[Image-text web data]
Content starts

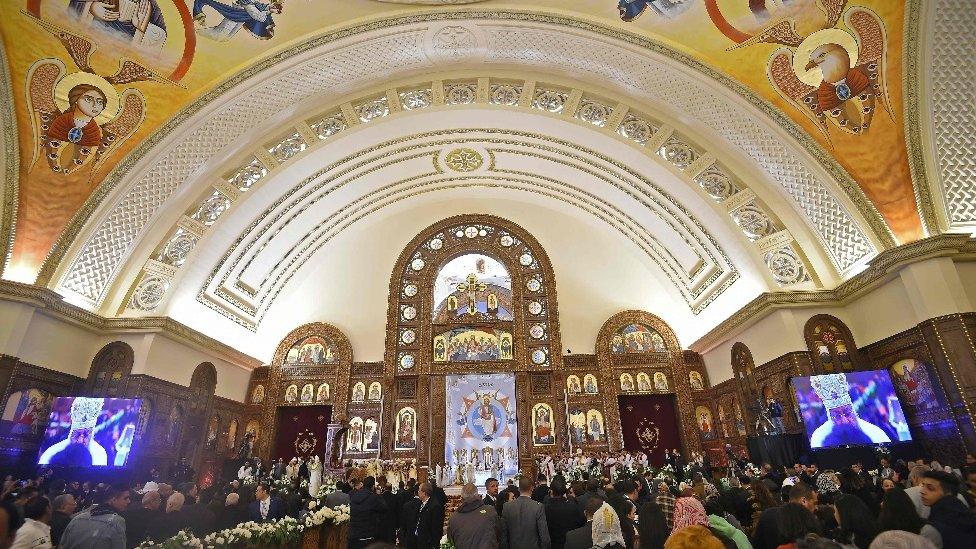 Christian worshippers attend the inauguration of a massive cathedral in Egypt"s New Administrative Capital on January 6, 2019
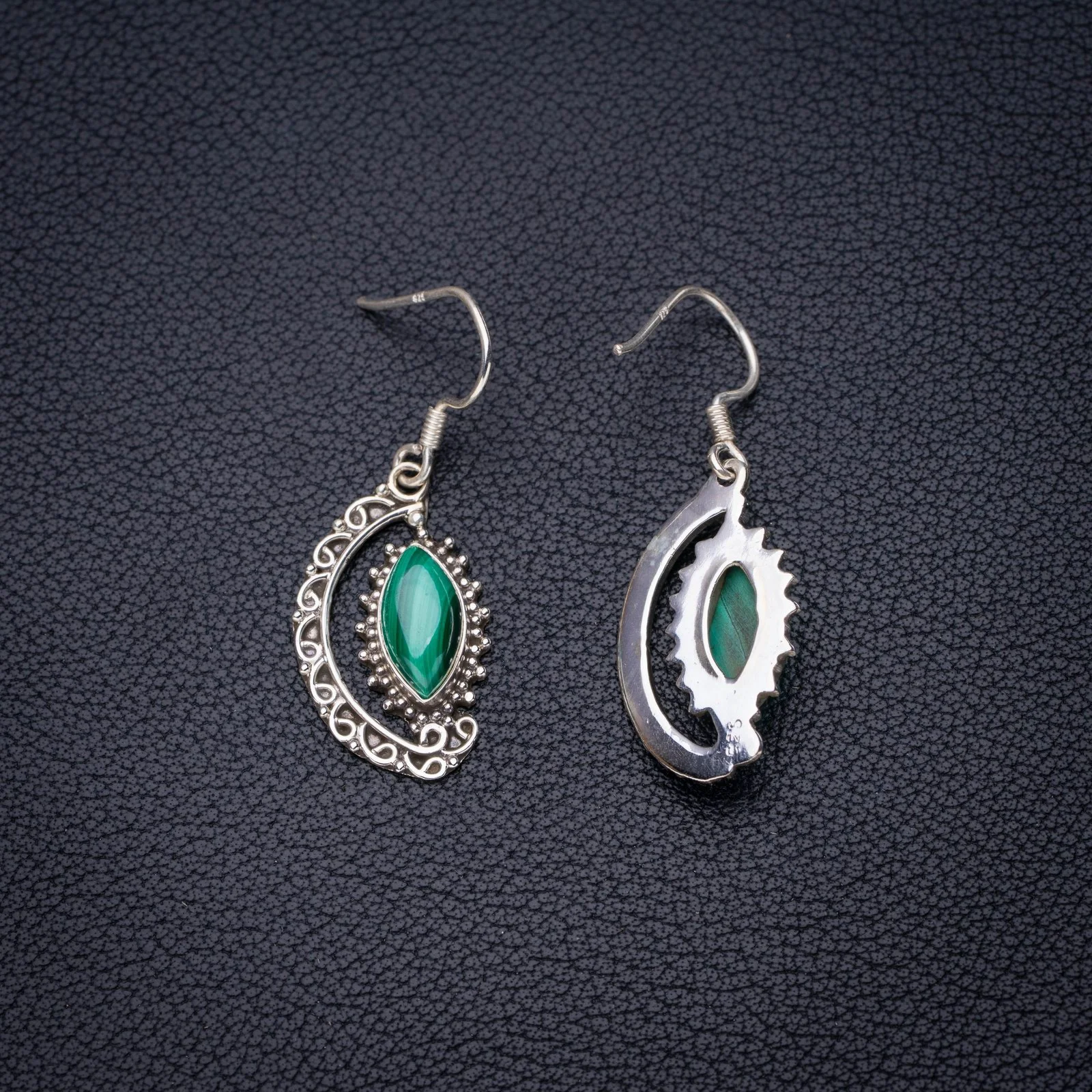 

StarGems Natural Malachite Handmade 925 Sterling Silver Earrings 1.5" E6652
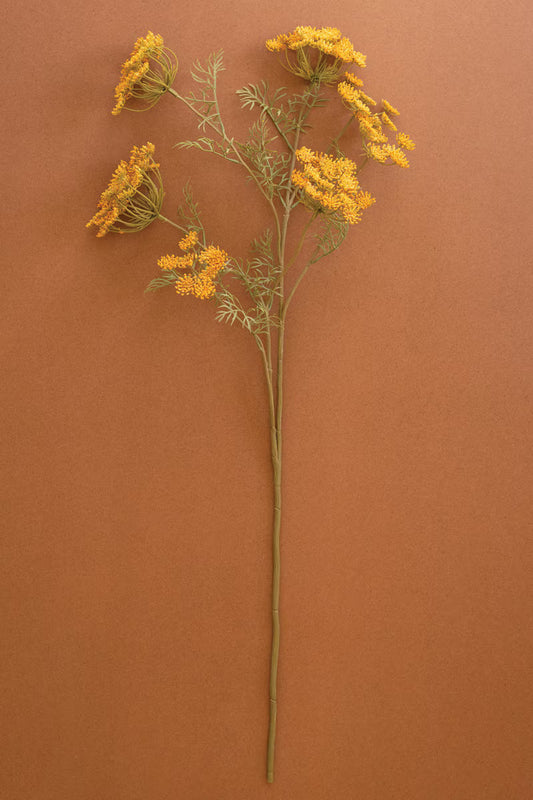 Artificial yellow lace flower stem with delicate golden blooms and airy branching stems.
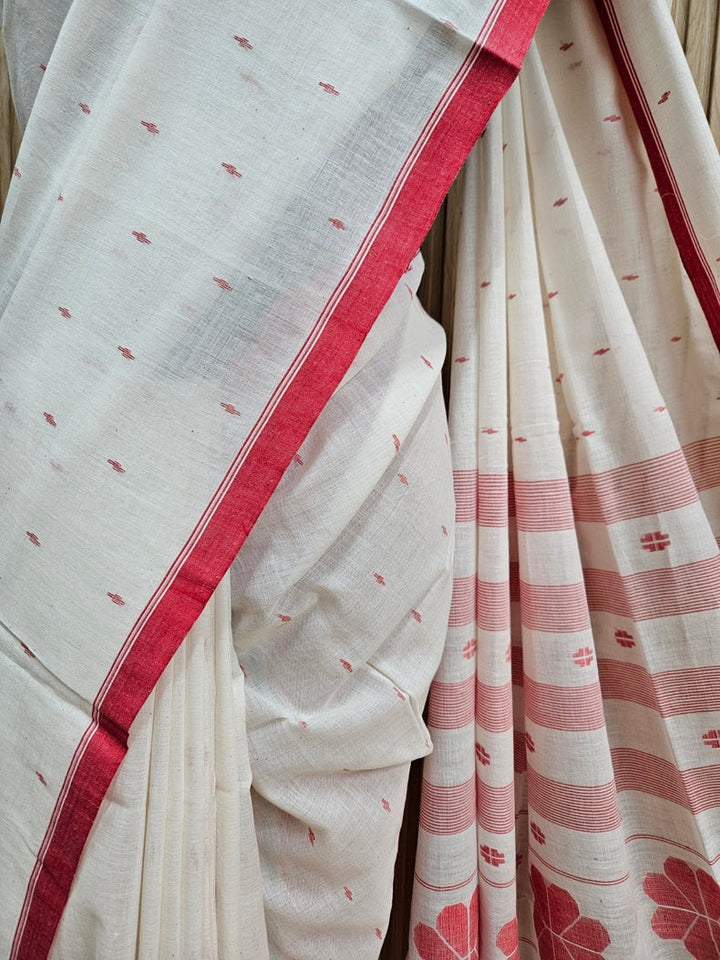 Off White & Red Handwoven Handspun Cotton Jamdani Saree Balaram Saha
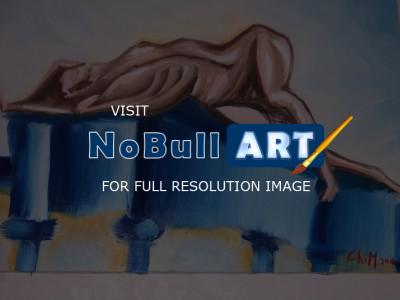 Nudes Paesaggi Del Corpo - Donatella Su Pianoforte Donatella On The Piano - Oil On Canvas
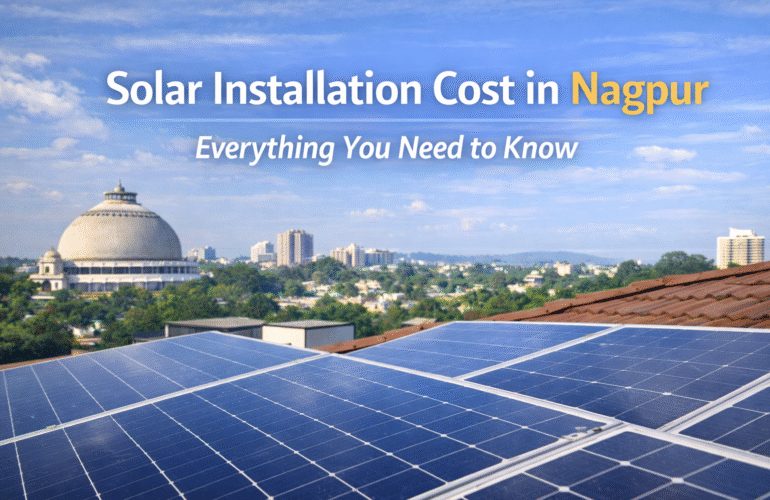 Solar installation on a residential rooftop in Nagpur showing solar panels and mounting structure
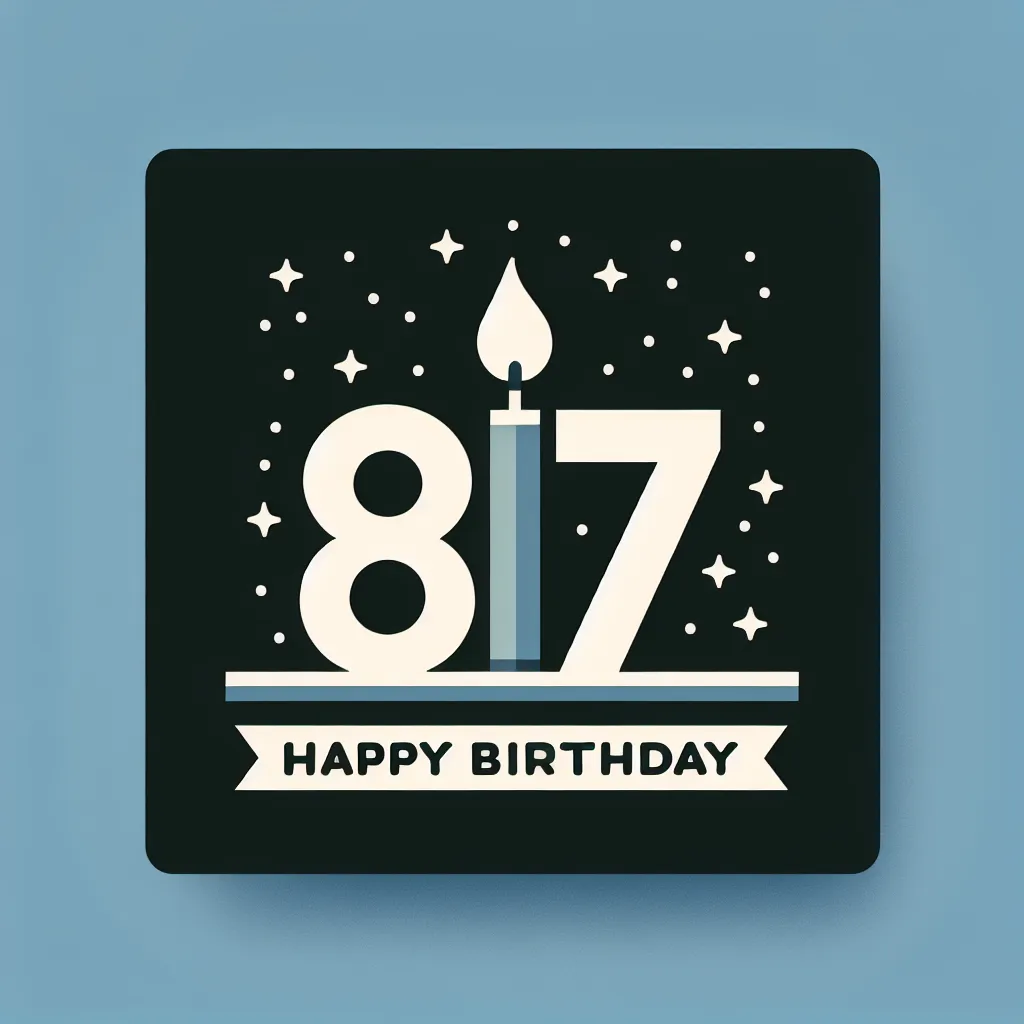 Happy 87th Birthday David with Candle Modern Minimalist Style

Content ends

What you need to do -
Transcribe each line above exactly, pictures excluded.

Response box -
 Christian worshippers attend the inauguration of a massive cathedral in Egypt"s New Administrative Capital on January 6, 2019

StarGems Natural Malachite Handmade 925 Sterling Silver Earrings 1.5" E6652
 Artificial yellow lace flower stem with delicate golden blooms and airy branching stems.
 Off White & Red Handwoven Handspun Cotton Jamdani Saree Balaram Saha
 Nudes Paesaggi Del Corpo - Donatella Su Pianoforte Donatella On The Piano - Oil On Canvas
 Solar installation on a residential rooftop in Nagpur showing solar panels and mounting structure
 Happy 87th Birthday David with Candle Modern Minimalist Style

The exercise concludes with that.